If your goal is just to be able to call an RFC, the .NET SAP connector works well.
If your goal is to expose a web service to wrapper a process in SAP, then BizTalk is good, but I recommend you see if your organization already has netweaver licensed as there are many web services available directly from SAP with no coding.
My recommendation is to avoid Jitterbug and Mule for the enterprise for now - unless Open Source is actually a popular thing at your place of employment. Netweaver and BizTalk are very robust, polished products.
If you are looking for something you can ship easily, then Jitterbug may make more sense. Though generally I'd recommend you define it as a web service call, and look to your customers technology stack for the most appropriate integration technique.
More context of what you are looking to achieve will enable a more accurate answer.
Michael,
We use Jitterbit in our organization and we've been very successful with it in various projects. Our SAP projects use XI and Jitterbit has dramatically simplified the ability to integrate web service interfaces with the various protocols it supports.
In addition to an excellent price (and we now subscribe to Jitterbit for support) we realize great value out of the support service. If we have any questions during our implementations they seem to provide all the subject matter expertise included in the support cost, so we're quite self sufficient.
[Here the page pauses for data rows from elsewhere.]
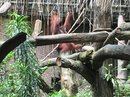Singapore Zoo and Malaysian Day Trip (642206)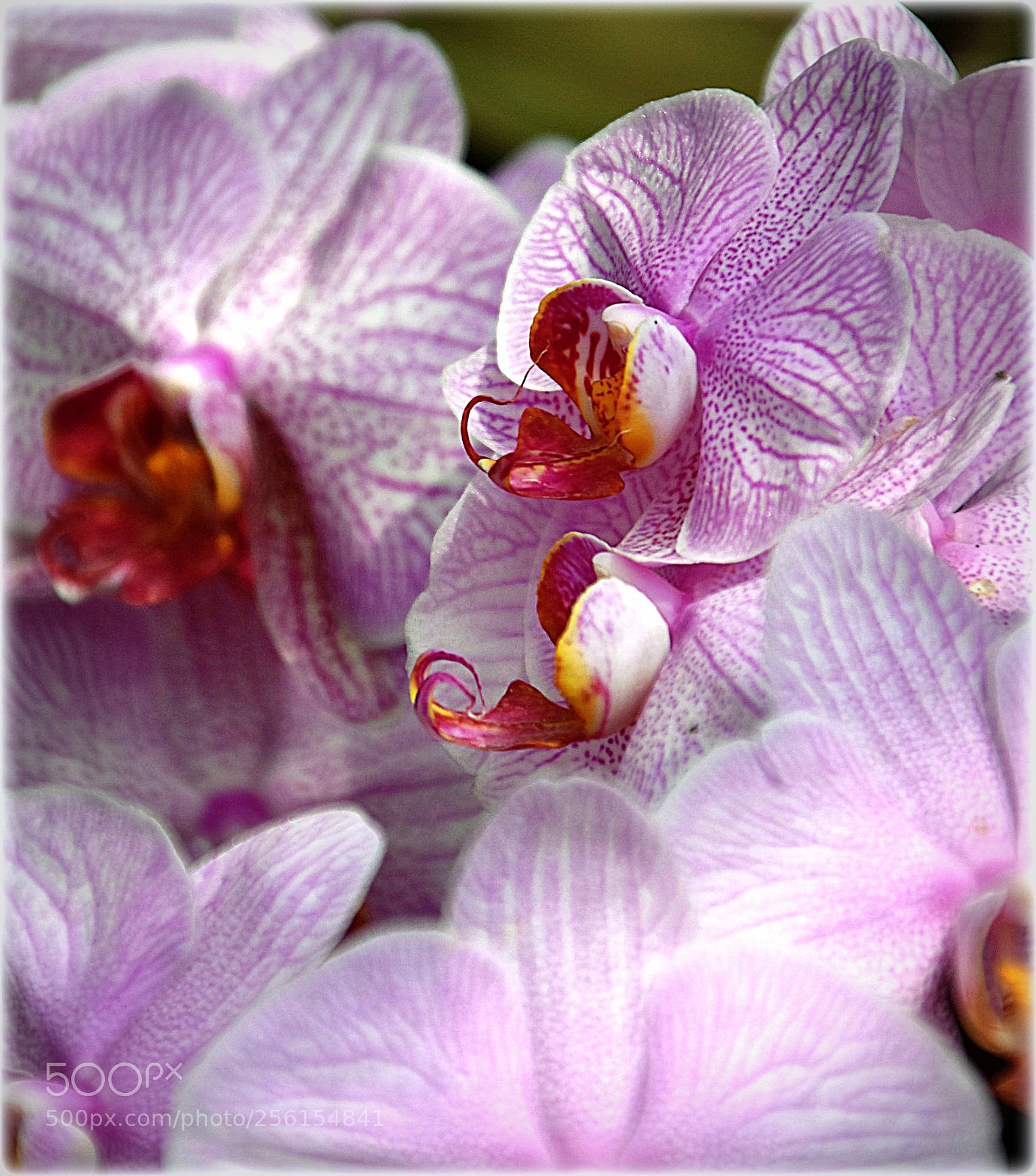 Nikon D7200 sample photo. ""orchid,;""g photography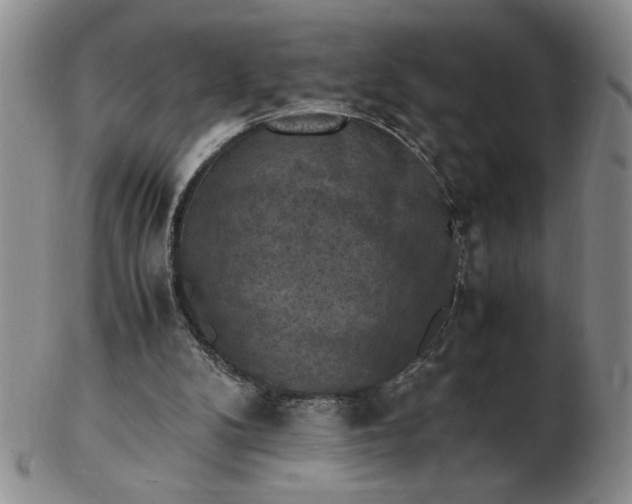 X0000103140104200809051623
We still have many other integration solutions in our company including VB and Java programs; it's a mess, but we don't believe that any one platform will meet all of our different divisions' needs. We have been using open source, specifically Linux and Apache for many years now, although IBM and Microsoft are also prevalent here.
We went with Jitterbit as it supports protocols needed to integrate any modern system and with SOA / Web Services being our stated direction Jitterbit was a great fit for what we needed.
Given that Jitterbit is Open Source, I would encourage you to download it and try it out.
I will say it simply, I have been using biztalk and was one of the people that helped validate the 2006 training course. Biztalk by far one the best server applications for Business process that is available today. You do also have to factor in the price point is ridiculously low compared to what else is out there.